All right. Time for me, literary semi-wanker, to do this.

William Gibson is, pretty much, a literary author. He's an English major (and former antiques picker - hence the cloisonné).

Most science fictions are, frankly terrible fucking writers. What's considered "proper" spec fic writing is considered by pretty much everyone else, absolutely shithouse writing. Yet, of course, this sort of writing is so commonplace that it's become the hallmark of the genre - it's simply how you must write science fiction.

We're talking the exposition, the info-dumps, the overwrought detail, the pointless technical asides that add nothing to the plot - it's the author jerking off in your face about how smart he is, not telling a good story for the readers.

>This is my first dip into hard SF

Interestingly, a lot of people don't consider Gibson "hard" SF, or even cyberpunk in general to be "hard".

Now, it's been my experience as a massive Gibson fan, that most "proper" science-fiction fans absolutely hate Gibson, and will shit on him at every opportunity.

I made the mistake of mentioning I was a Gibson fan - his prose is amazing by the way, and his use of voice in ATP is amazing - during my fine arts writing degree in uni, and that meant, unfortunately, lecture fuckin' paired me up with the Comp Sci and Engineering students who took our classes as electives for - heh - "easy marks".

These were hardcore nerds who boasted about only reading science fiction, hard science fiction, diamond-dick hard science fiction, 900 page novels that were part of the seven book Heptology. Books that had the worse excesses of science fiction writing like I'd mentioned above.

And they hated Gibson. His prose is "fruity", and the lack of over-description meant he was "dumb" because he didn't prove he knew what he was one about. (Why isn't there three whole pages describing how Molly's lenses integrated with her orbital sockets? How they're powered? What material they're made from, and how it was fashioned into lenses? Truth is, for the story, it don't matter...)
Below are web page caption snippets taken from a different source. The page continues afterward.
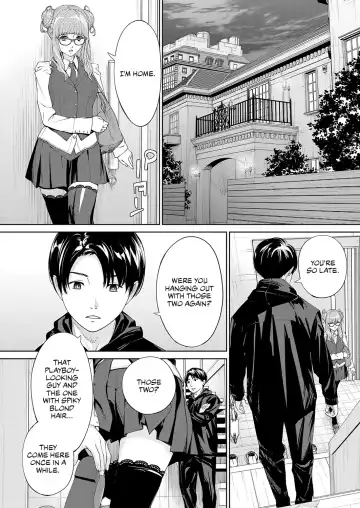 [Seto Yuuki] Yuuzai desu. #2 | You're guilty. Ch. 2 Fhentai - Page 2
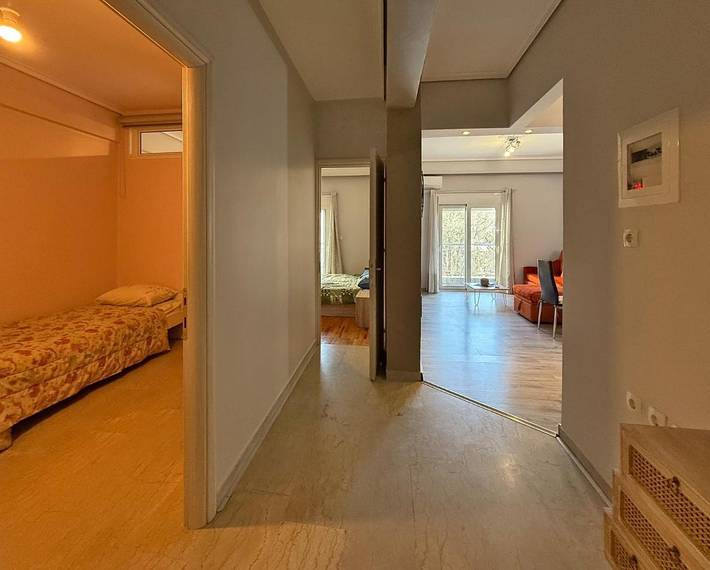 Ferienwohnung für 5 Personen, mit Garten und Terrasse - 1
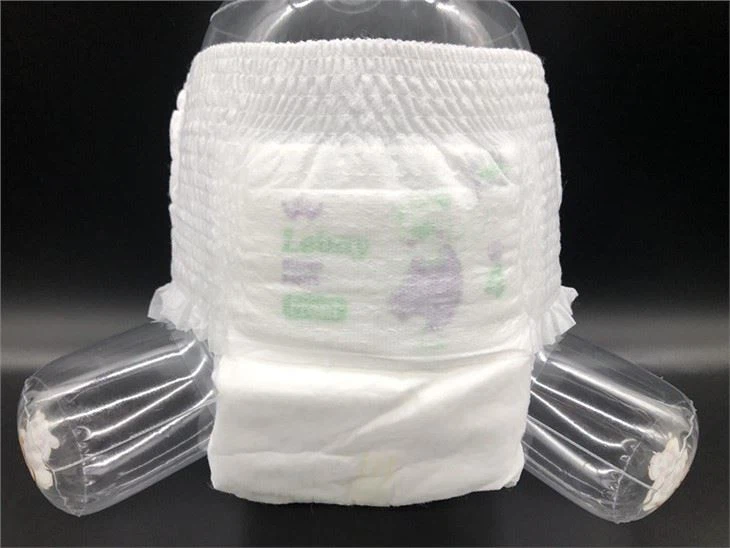 Cute Design Leak Guard Diapers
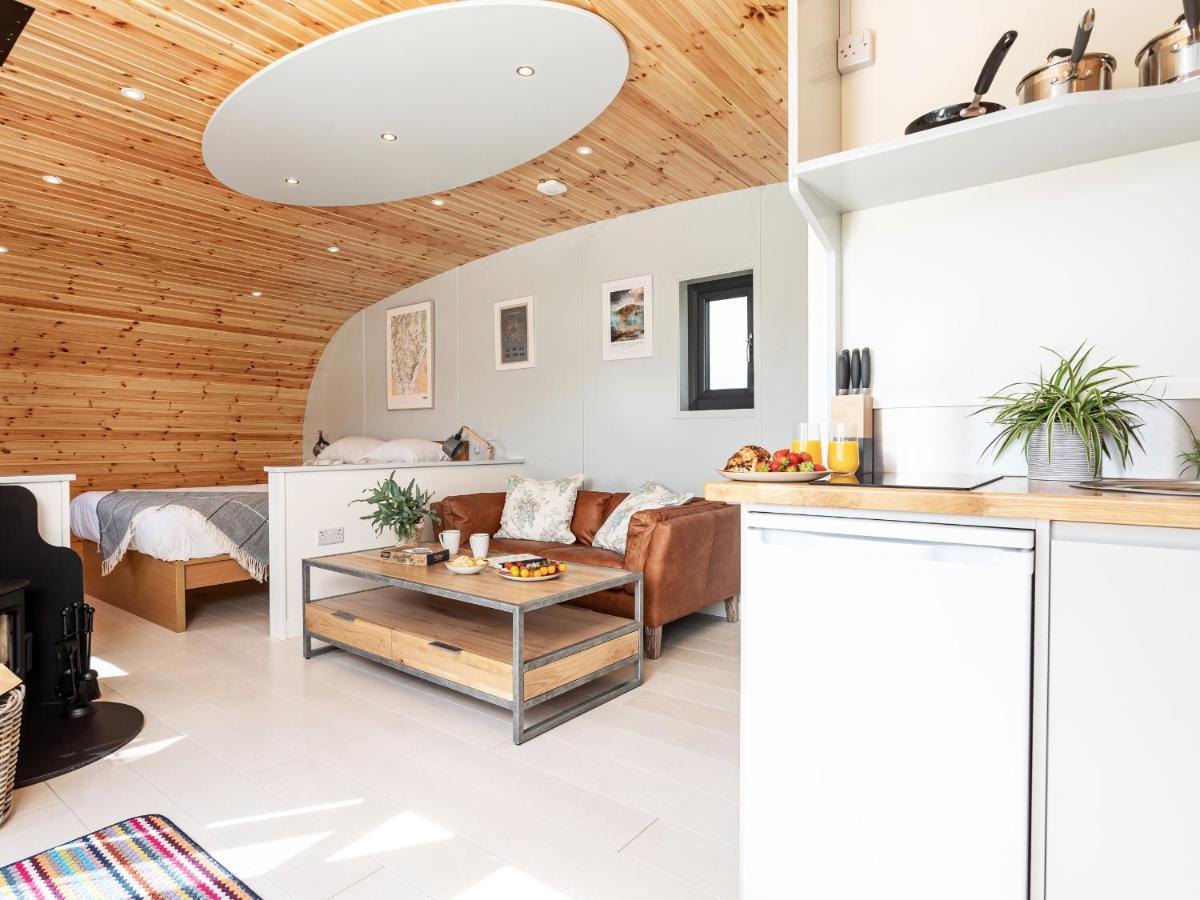 Low Longlands Cartmel Esterno foto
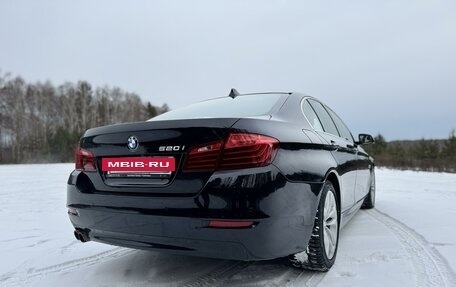 BMW 5 серия, 2016 год, 2 799 000 рублей, 16 фотография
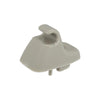 Dodge Ram 1500 2500 3500 4500 Gray Sun Visor Retainer Clips (2002-2023)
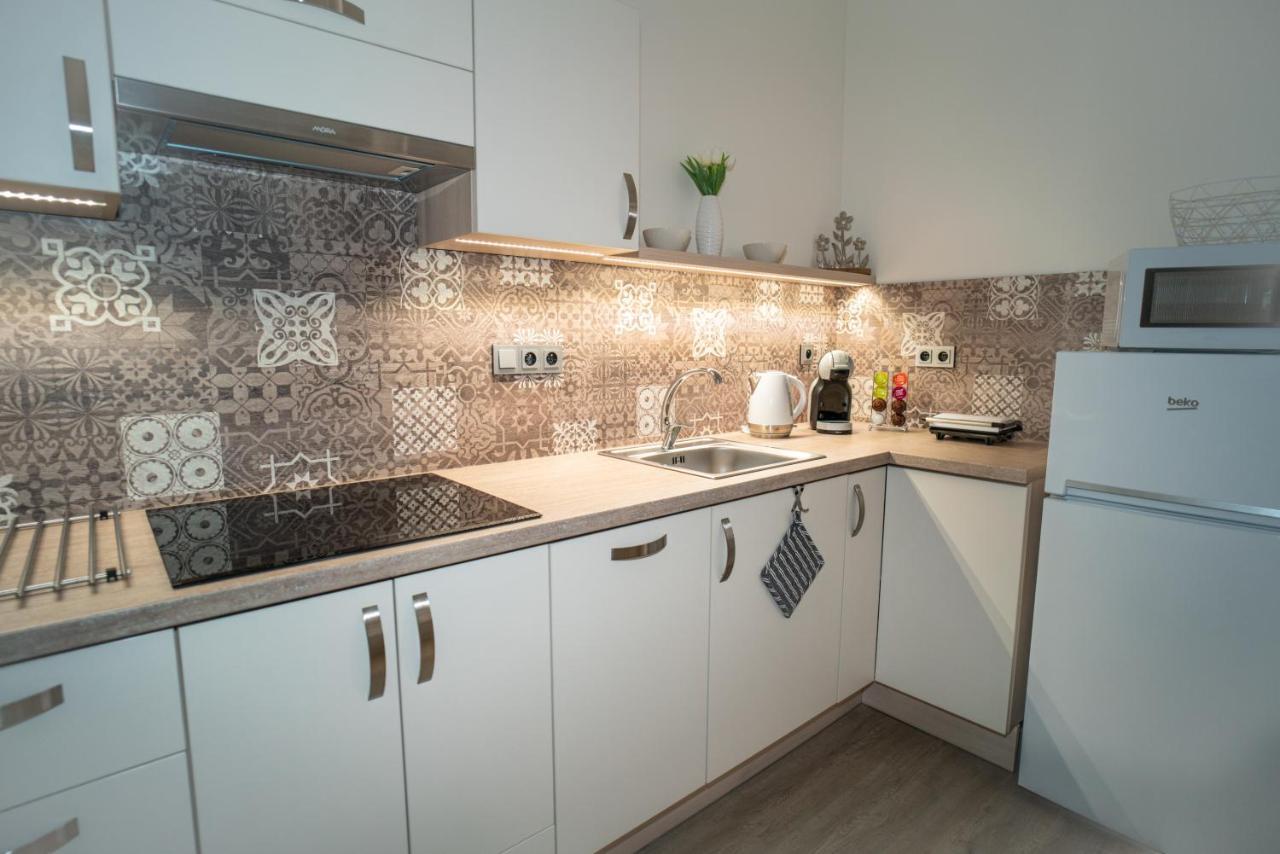 Apartmanovy Dum Sklipek Trutnov Ngoại thất bức ảnh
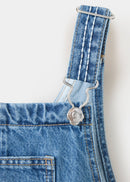 MANGO BOSTON 37095859-TO KIDS GIRL DUNGAREE-5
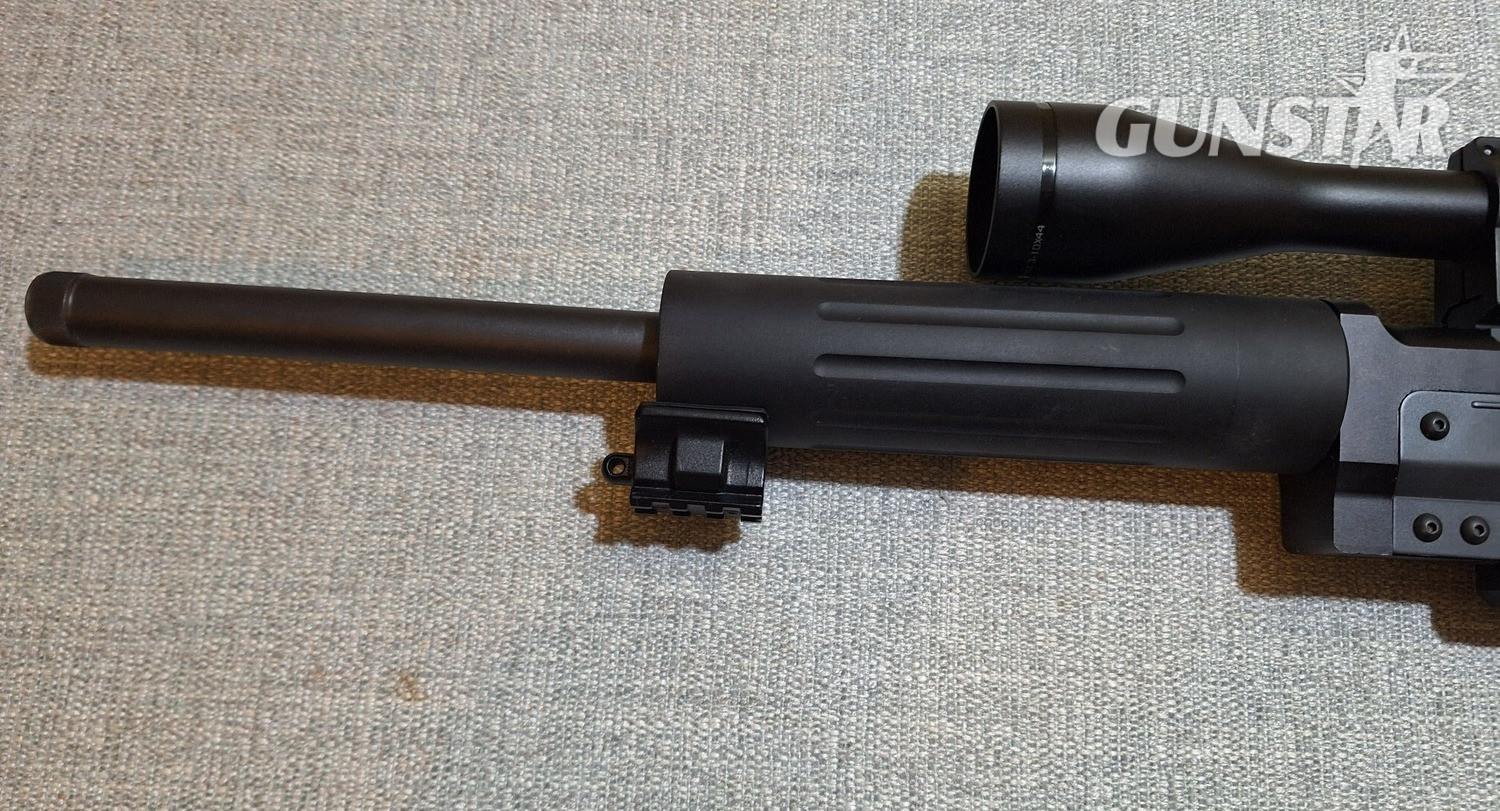 {CATEGORY} - Remington 597 VTR Semi-Auto .22 Rifle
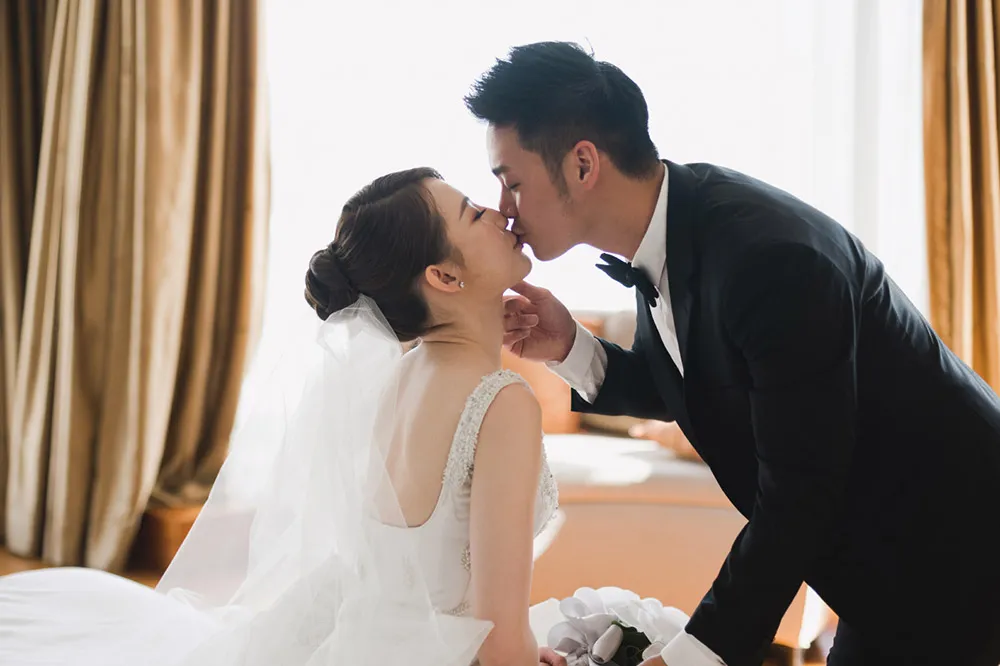 Joshua Koh Photography. theweddingnotebook.com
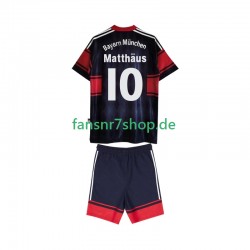 FC Bayern München fußball trikot Matthas 10 1997 Kinder Heim Retro 1999 Kurzarm
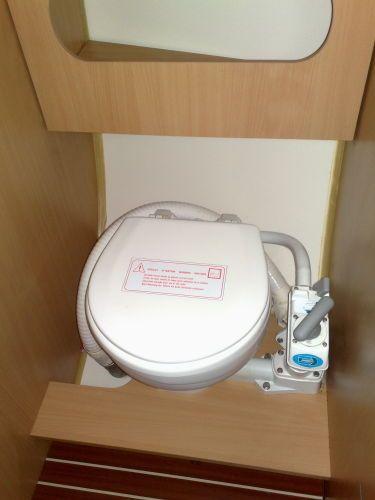 Etap 24 i Innenansicht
The focus on humanity and human characters, not tech, driving the plot forward also bugged them, and keeping track of the characters is a problem.

I'd mention some of the authors they'd read here, if I could remember them. They were out-there names you've never heard of and have to really track down. Melvin Updike? Sergei Komininsky? Who knows?

Finally, unlike a lot of "proper" science fiction authors, Gibson has no institutionalised cultural capital. A lot of these guys were pissed that someone with an English degree was - gasp! - daring to write science fiction.

Long story short, these sort of SF fans tend to dominated SF. And they're gatekeepers, the guys who decide what's good SF and what's bad. And that's why you hear so much negativity around Gibson.

>It’s described in a way that makes me think that you’re not supposed to get everything from the text and you kinda fill it out in your mind. Some descriptions aren’t very clear at all but taking from what’s in the text and imagining what makes sense in my mind works perfectly fine.

And that, my friend, is good writing - which Gibson excels at, and most spec-fic authors frankly suck at. That's what good writing is meant to do, stimulate your imagination, not simply piss words into the empty space between your ears like your noggin's a skull-shaped urinal.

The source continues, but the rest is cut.